2026 Women's Asian Games Qualifier
- Dates: 26 – 31 May 2026
- Administrator: Olympic Council of Asia
- Cricket format: Twenty20 International
- Tournament format(s): Group round-robin and knockouts
- Host: Malaysia
- Champions: Thailand
- Runners-up: Malaysia
- Participants: 6
- Matches: 10
- Player of the series: Natthakan Chantham
- Most runs: Natthakan Chantham (196)
- Most wickets: Onnicha Kamchomphu (8) Riya Sharma (8)
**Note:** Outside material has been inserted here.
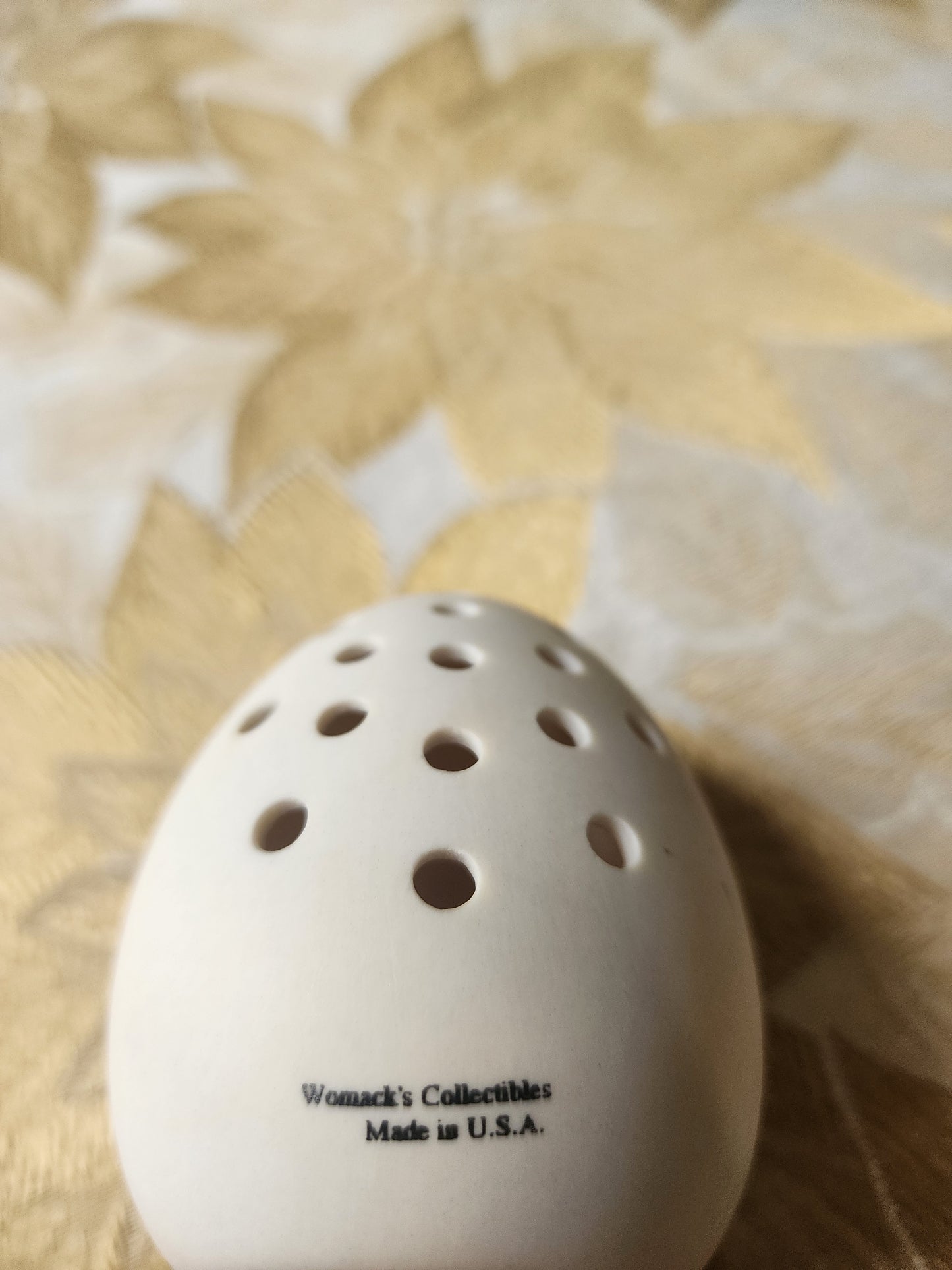 Cupid Angel Porcelain Egg Pomander 3" Womack's Collectibles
= Cricket at the 2026 Asian Games – Women's Qualifier =

The 2026 Women's Asian Games Qualifier was the qualification tournament for the women's cricket event at the 2026 Asian Games. It was held from 26 to 31 May 2026 in Malaysia, with matches played at the Bayuemas Oval in Kuala Lumpur. The tournament served as the primary pathway to determine the final three teams advancing to the main event in Nagoya, Japan.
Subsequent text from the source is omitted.